Exact copies of the lines from the one holding "リモートワーク テレワーク 041009_HU003" through the last line of the entries below are to be printed, with pictures omitted.

Stored entries
----------------------------------------
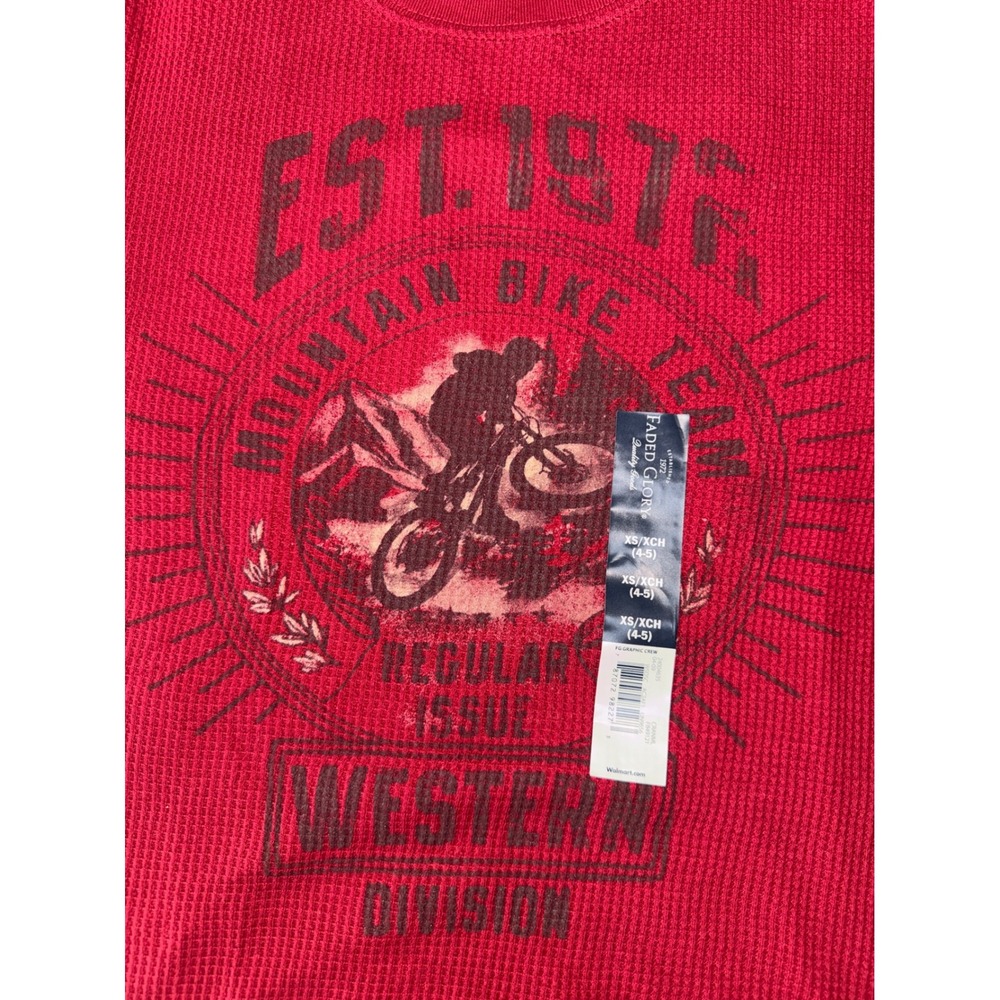Faded Glory Thermal Shirt Boys XS 4-5 Red Mountain Bike Team Waffle Knit NWT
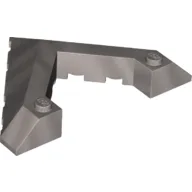 Brick Wedged, Sloped 45° 6 x 8 with Pointed Cutout / Flat Silver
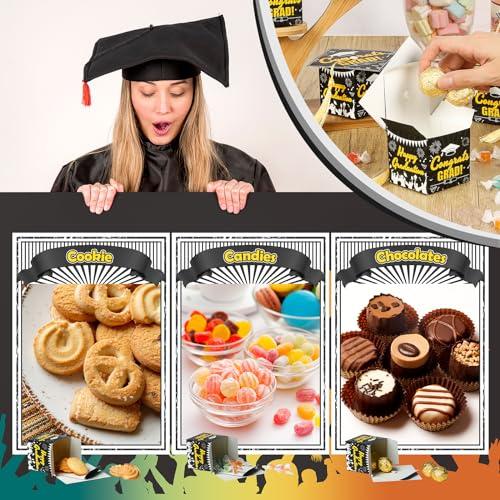 KPOSIYA KPOSIYA 32 Pcs Graduation Cap Gift Box 2.3 x 2.3 x 2.3 Inches Graduation Candy Box with Tassel Small Gift Box Treat Boxes Graduation Decorations Party Favor Boxes(Black)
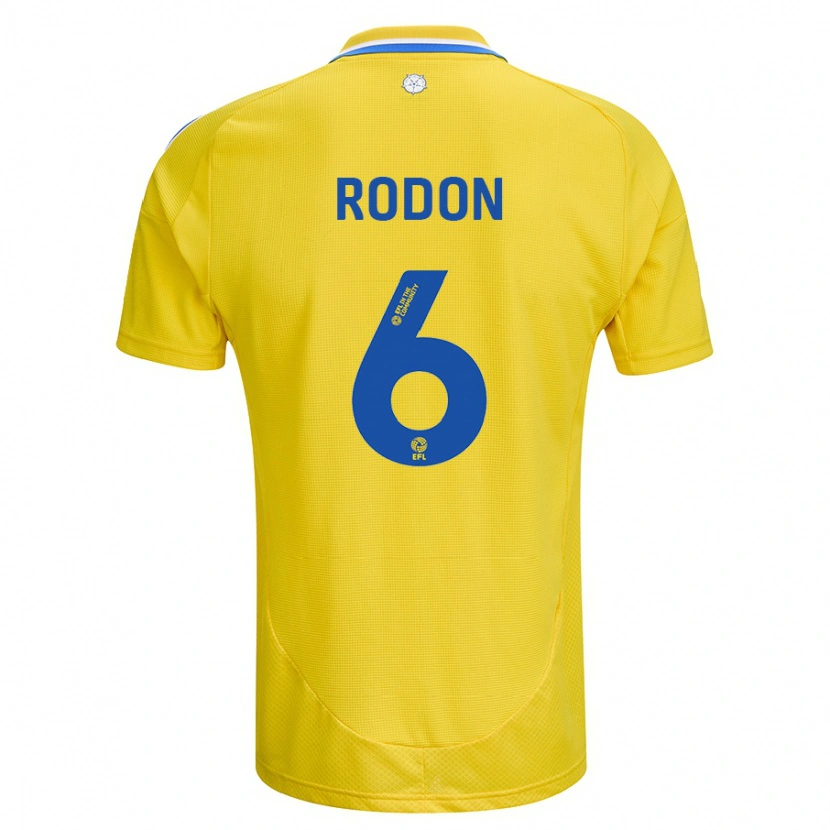 Danxen Donna Maglia Joe Rodon #6 Giallo Blu Kit Gara Away 2024/25 Maglietta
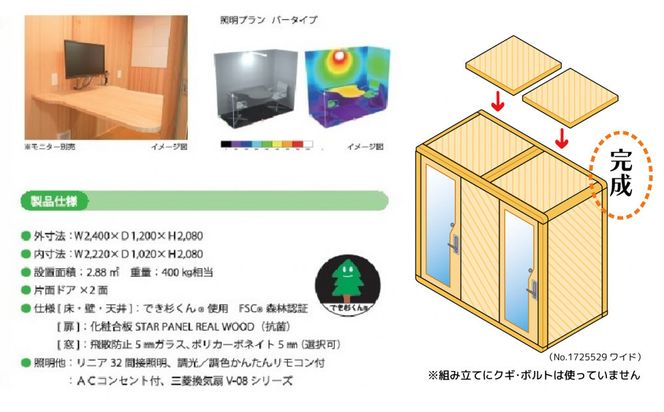 【ふるさと納税】ウッドラボType-W（パーソナルスペース）屋内用 国産 木造 大型 家具 個室 リモートワーク テレワーク 041009_HU003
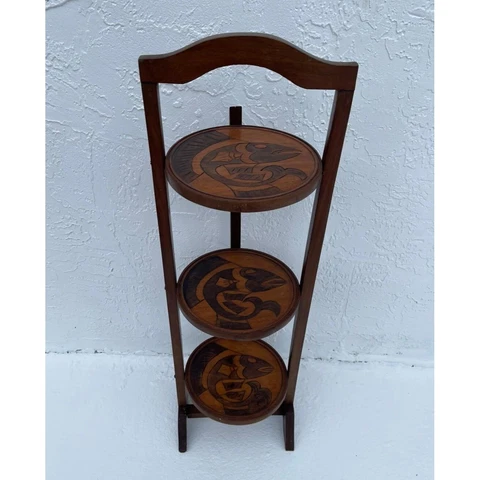 Vintage 3-Tier Solid Wood Round Carved Folding Table Pie Stand Plant Shelf 38.5" Cover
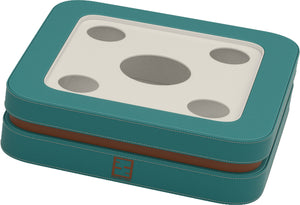 Floating Drinks Cooler Tray With Glasses and Frappé Suport  Turquoise/Brown - Fascínio
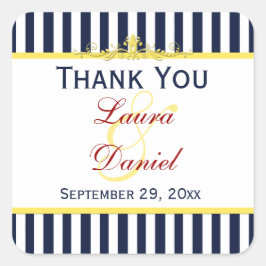 Cuadrada Pegatina Boda de desplazamiento de franjas amarill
----------------------------------------
■ Output ■
 【ふるさと納税】ウッドラボType-W（パーソナルスペース）屋内用 国産 木造 大型 家具 個室 リモートワーク テレワーク 041009_HU003
 Vintage 3-Tier Solid Wood Round Carved Folding Table Pie Stand Plant Shelf 38.5" Cover
 Floating Drinks Cooler Tray With Glasses and Frappé Suport  Turquoise/Brown - Fascínio
 Cuadrada Pegatina Boda de desplazamiento de franjas amarill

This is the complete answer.